In a related post, she writes, “Impostor Syndrome instilled in me a deep fear of failing. I was afraid to speak up or ask questions for fear of saying something stupid, and people would find out I didn’t really know my stuff… I quietly avoided doing things I didn’t think I’d be good at, even though the only way to get better is to do them.” Here, she connects the dots between imposter syndrome and a fixed mindset, as defined by Carol Dweck.

Fear of failure, coupled with a belief that aptitudes are innate rather than learned – which is, of course, exacerbated by stereotype threat – is a recipe for stopping yourself from stretching. And if you don’t stretch, you’re never going to feel fulfilled by your successes.

So this is the piece I’ve been trying to tackle with my work on imposter syndrome. Not to suggest that it gets at the root of the problem, but that where we have internalized structural inequities, fear of failure, and fixed mindsets, we can intervene and change our internal narratives. We can choose to act differently, choose differently, than we might if we choose to believe the defaults our culture dishes out to us.

This is not a perfect solution. It is, in some ways, a band-aid. But a band-aid has its uses. It can help you heal in the places that hurt, even if it doesn’t shield you from ever getting hurt again.


I don’t take back my work on imposter syndrome. I stand by its value for addressing the inner dimension of this work: managing one’s inner critics. But I do believe that, as with everything, there is also an outer dimension to this phenomenon. There is a reason you experience imposter syndrome, and it’s not all your fault.

And there is deep and wide structural work to be done, here.

I have said before that imposter syndrome affects people who are both “ambitious and conscientious.That is, they want to do great work in the world, and they care greatly about that work being done with integrity.”

Ambitious people focus on the outer world; conscientious people, on the inner. The solution to feelings of being an imposter is both an outside and inside job.
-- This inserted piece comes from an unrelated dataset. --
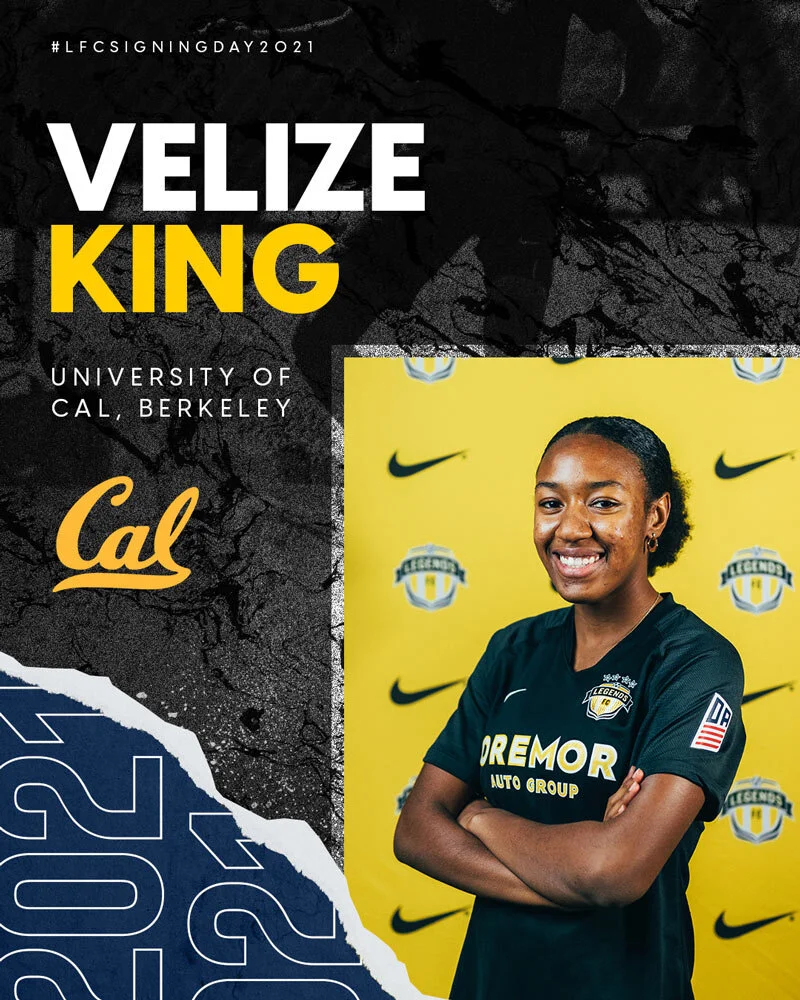 Velize_King_CAL_1080x1350_01.jpg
Let’s roll up our sleeves.


Postscript: I realized after publishing this post that I failed to credit another article that inspired my thinking on this subject: Sarah M. Seltzer’s piece for Refinery29, which argues that imposter syndrome has its roots in systemic problems. “Once you become less insecure,” she writes, “you may end up becoming more pissed off.” And later: “Imagine waking up every day and going to work in a country with more humane policies, like paid sick and family leave, longer vacation time, universal basic incomes, occasional sabbaticals, or anything else that would allow us to pursue our intellectual and career ambitions in a healthier way — without feeling like they were the only things that mattered… In that country, which would look a lot like every other industrialized nation, I think a lot fewer of us would feel like impostors, and a lot more of us would feel like people.”